Anne Ramsden’s title Anastylosis refers to the activity of restoration — the archeological re-assembly of ruined monuments from fallen or decayed fragments. Her exhibition is based on photographs she took to document her installation Anastylosis: Inventory — a painstakingly chosen collection of crockery that she categorized, destroyed and then reassembled. Ramsden’s intention was not to create a ‘real archaeology’ of modern-day crockery, but to produce an ironic imitation of an archaeological attitude. She chose chinaware as the subject of classification for it’s symbolic resonance of motif and form; these objects occupy the landscape of our everyday lives and consumer culture.

As in Anastylosis, Ramsden’s interest in museology and classification appears in several of her past projects.
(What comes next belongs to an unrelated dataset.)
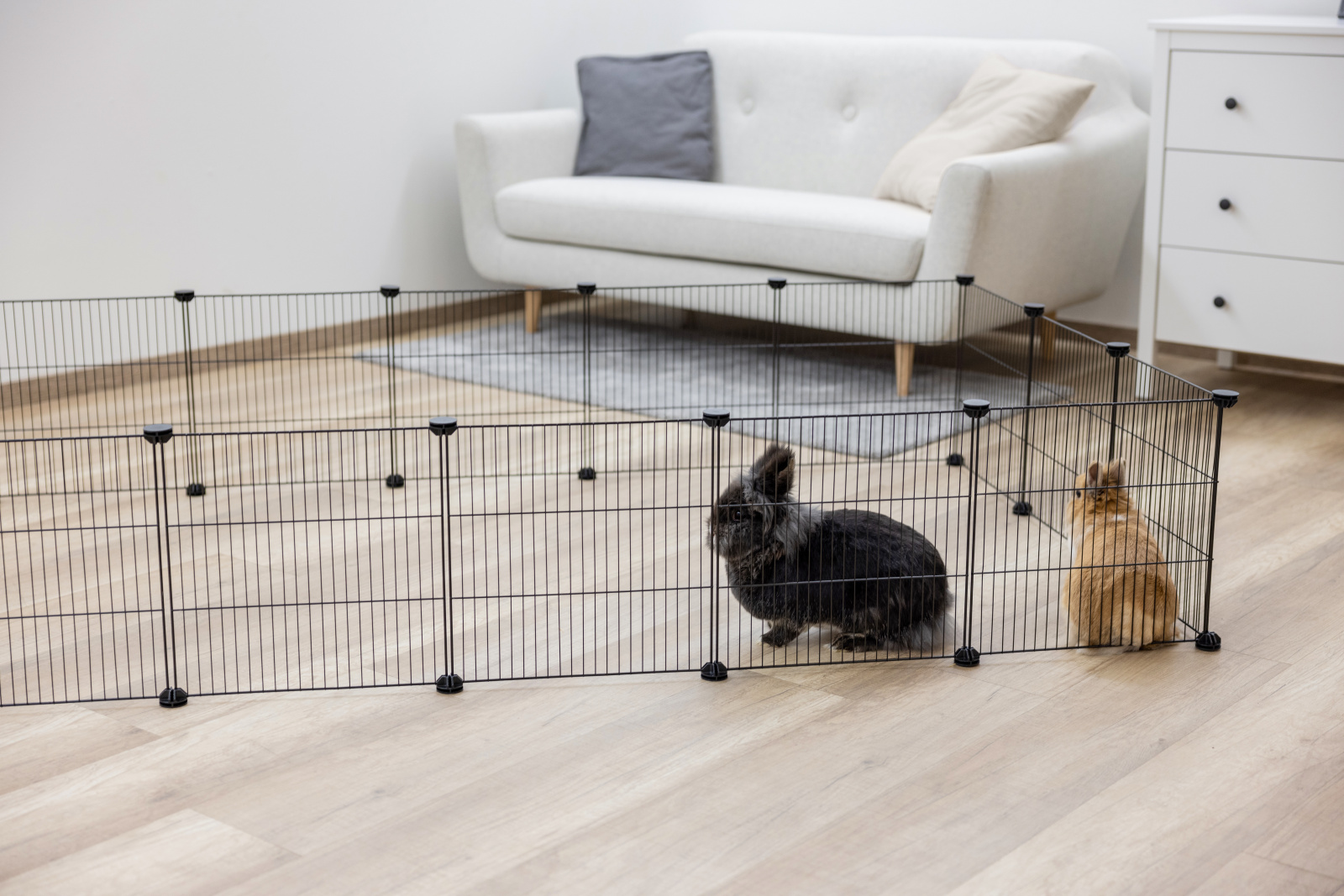 Kerbl Pet Griglie 6x35x35 cm ampliamento recinto esterni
In Relations (1988) she -presented a conceptual work that functioned as a meditation on photography and museums. Her site-specific interventions Residence (1994) and Garden (2001) both engaged in museal narratives. During the process of creating Inventory, Ramsden collected 308 pieces of crockery and systematically ordered them. Once destroyed, she photographed them first as fragments and then as restored objects. They were divided into six colour groupings and reassembled using six coloured epoxy glues — white dishes with red glue, yellow objects with purple glue, etc.  The result was a veiny patchwork — the brash coloured epoxy clashing with the fine designs of the cups, bowls and flatware.  Each photograph acted as a document of re-assembly, with the coloured glue accentuating the act of destruction. The viewer cannot help but notice the trace of action, violence and breakage as they observe the fragments of these once perfect objects. 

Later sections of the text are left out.